Saturday, September 04, 2004

The Long, Long Corner

U.S. Job Growth Up in August, Still Not Robust
Unemployment edges down to 5.4%. Bush and Kerry both seize on the data while campaigning.

By Warren Vieth, LA Times Staff Writer

WASHINGTON — U.S. employers added a net 144,000 jobs to their payrolls in August and the nation's unemployment rate dropped a notch to 5.4%, the government said Friday in a report fraught with political and economic implications.

The pace of nonfarm hiring was double the previous month's and in line with economists' expectations, but not nearly fast enough to erase President Bush's remaining job deficit by year's end. Unless employment growth averages 228,250 a month from September through December, Bush will be the first post-Depression president to finish his term with fewer jobs than when he started.

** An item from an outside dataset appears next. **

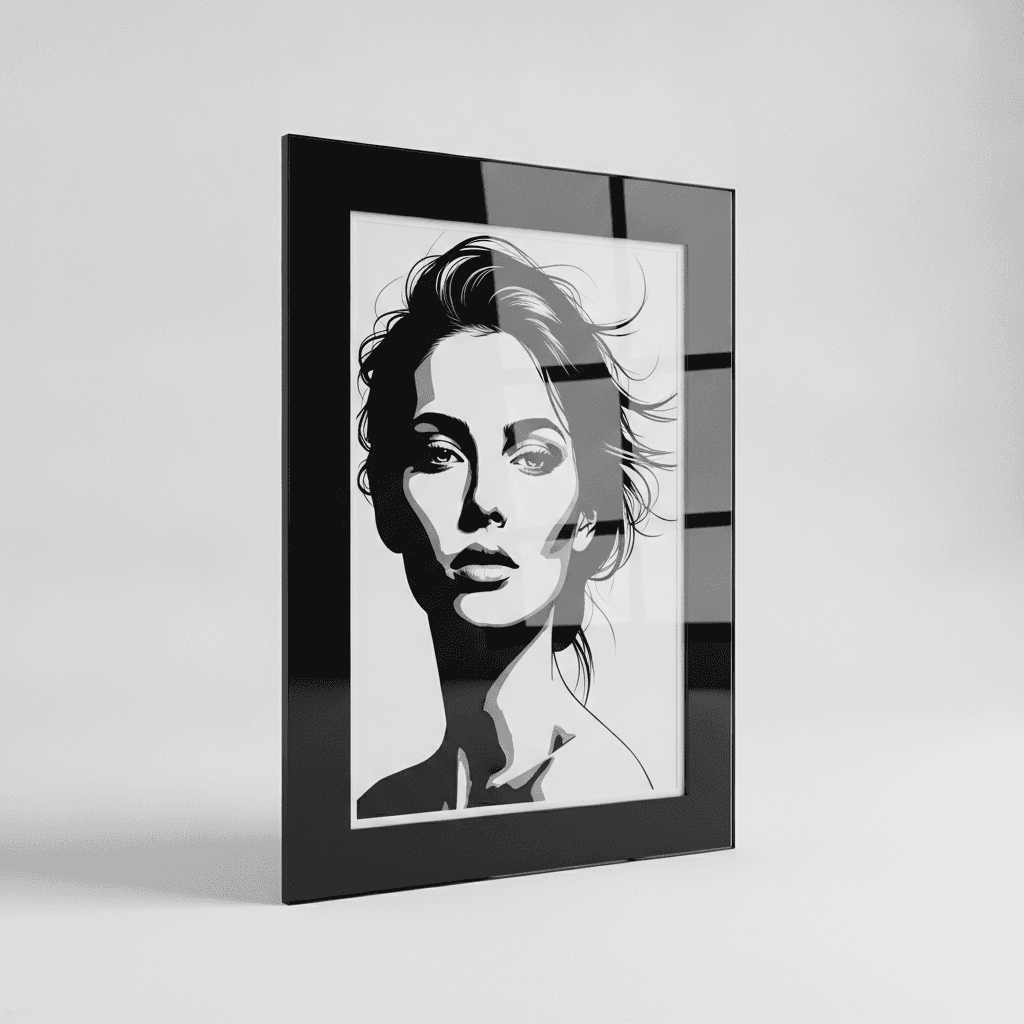 Black Glass Framed Fashion Portrait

"At the rate that this administration is creating jobs, you're not going to have a net plus-one job in the state of Ohio until the year 2011," Democratic nominee Sen. John F. Kerry told supporters during a stop in one of the nation's hardest-hit swing states. "I don't think this is something to celebrate. I think it's something to get to work on. I think it's something to change."

Bush, though, thinks everything is fine and dandy. We're turning that corner. You know that corner? The one we've been 'turning' for a year or so with no noticable difference in anything except the stock market?

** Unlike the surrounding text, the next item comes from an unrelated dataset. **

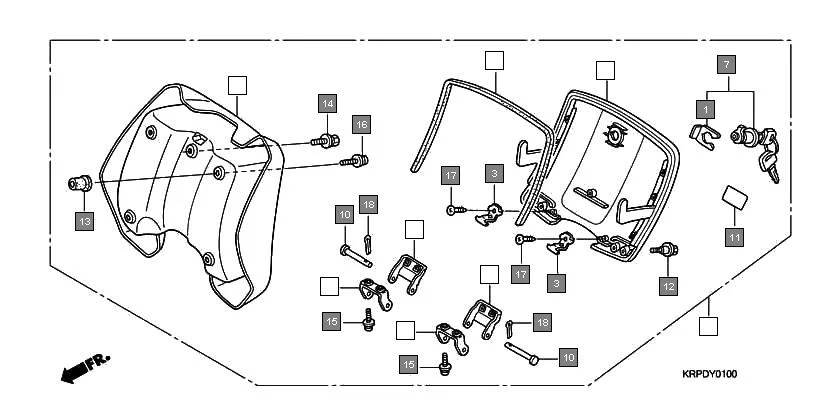 FOP-1 INNER BOX assembly diagram for HONDA Dio SCV100FA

Bush, on the campaign trail after the Republican National Convention, hailed Friday's figures as proof "our economy is strong and getting stronger."

"We've added about 1.7 million new jobs since August of '03," Bush told supporters in Moosic, Pa. He said the 5.4% unemployment rate, the lowest since October 2001, was "below the average of the 1970s, 1980s and 1990s…. Our growing economy is spreading prosperity and opportunity, and nothing will hold us back."

In economic terms, the picture was mixed. The unemployment rate fell a tenth of a percentage point, from 5.5% in July. But the decline was caused in part by a 152,000-person net reduction in the labor force, partly reflecting some job hunters' giving up their searches.

The new figures show the recovery proceeding at a slower pace than during the spring, when job growth averaged 295,000 a month from March through May. But the pace is picking up. August's gain followed a July net increase of 73,000, which was revised up from last month's initial estimate of 32,000.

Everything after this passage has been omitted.